100 new plug-in hybrid models by 2021
New research suggests 3.7 million plug-in hybrid electric vehicles will be on by the road by 2025 with 100 new models driving uptake.
The plug-in hybrid electric vehicle (PHEV) market is set for “transformational growth”, a new study has found.
Research conducted by consultants Frost & Sullivan predicts that 3.7 million PHEVs will flood the market by 2025.
The transformative growth will be caused by a number of key factors that will make alternatively-fuelled vehicles more appealing to consumers, such as favourable ‘green car’ cash incentives, improved economy figures and increased consumer acceptance.
Most mainstream manufacturers see PHEVs as key to meeting stringent emissions targets, with the likes of Volkswagen, Mercedes-Benz and BMW leading the way with dedicated electrified platforms.
Researchers have pinpointed 100 new PHEV model launches that will happen by 2021 and help drive uptake.
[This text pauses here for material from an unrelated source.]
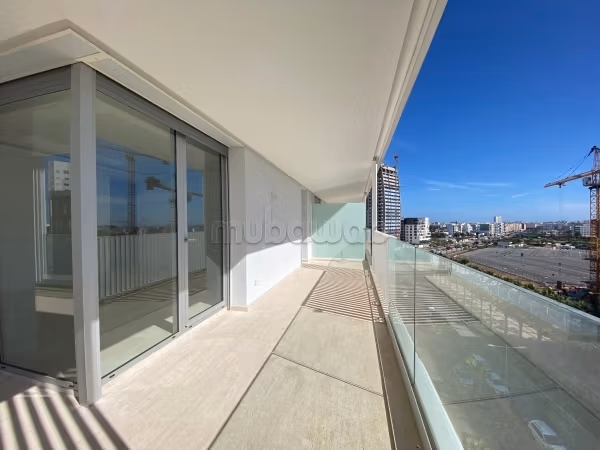 Apartment for rent in Casablanca Finance City. 2 lovely rooms. Private car park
High-performance and luxury motors, including the Maserati Levante, Bentley Bentayga and BMW M3, are all leaning towards hybrid technology, taking it away from its low-cost, economical roots.
However, Frost & Sullivan notes that uptake could be impeded by a number of factors, such as dwindling incentives and the arrival of long-distance pure-electric models.
Pooja Bethi, intelligent mobility analyst at Frost & Sullivan, said: “The stringent emission norms of 95g of CO2/km can only be met by PHEV technology, while EV battery technology evolves to overcome limitations.
“PHEVs have a better market than [pure-electric cars] due to uncertainty in charging infrastructure.
“Improvements in battery chemistries and energy density will boost the electric-only range of PHEVs, while fast-charging stations will help reduce charging times drastically.”
The research appears to be backed up by strong sales for pure-electric and PHEV models in the UK. According to car industry trade body the Society of Motor Manufacturers and Traders, the latest year-to-date figures show alternatively-fuelled vehicle sales have increased by 23.8%.
Pure-electric cars have seen a 41.6% increase over the same period, while petrol-electric hybrid sales have gone up by 38.9%.
That’s impressive compared to petrol models, which saw take-up increase by nearly 7%, while diesel sales dropped by 6.4%.